▶ [Data segment]

○ ○ ○ ○ ○ ○ ○

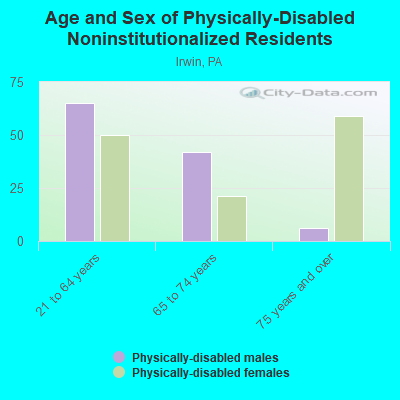 Age and Sex of Physically-Disabled Noninstitutionalized Residents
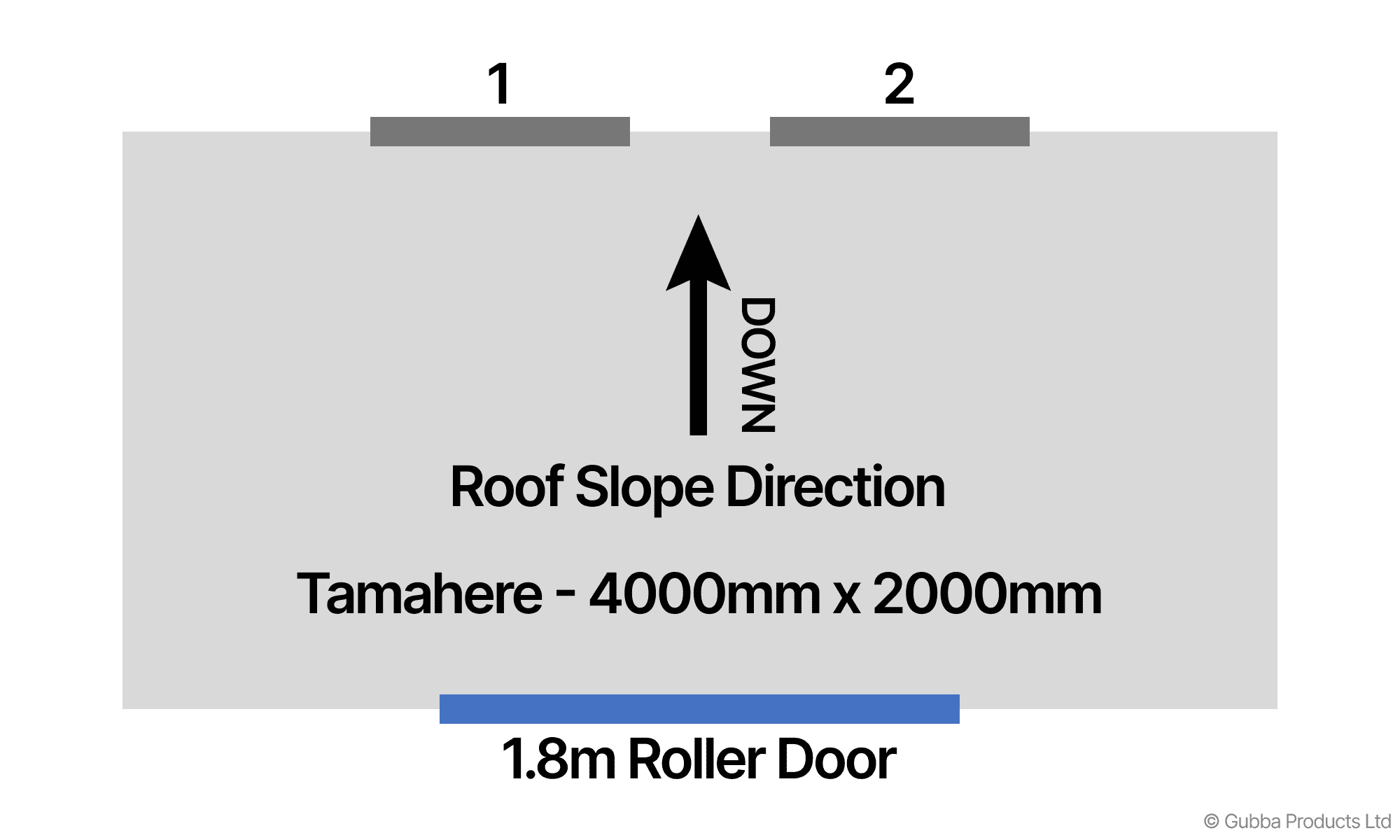 Description of Image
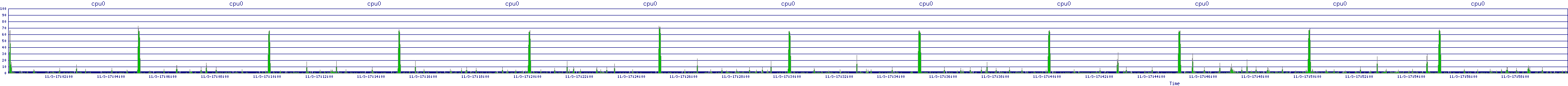 /2025/11/03/17/cpu0.png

○ ○ ○ ○ ○ ○ ○

▶ [Task prompt]
Leave out the pictures and repeat the remaining data exactly.

▶ [Solution to the exercise]
 Age and Sex of Physically-Disabled Noninstitutionalized Residents
 Description of Image
 /2025/11/03/17/cpu0.png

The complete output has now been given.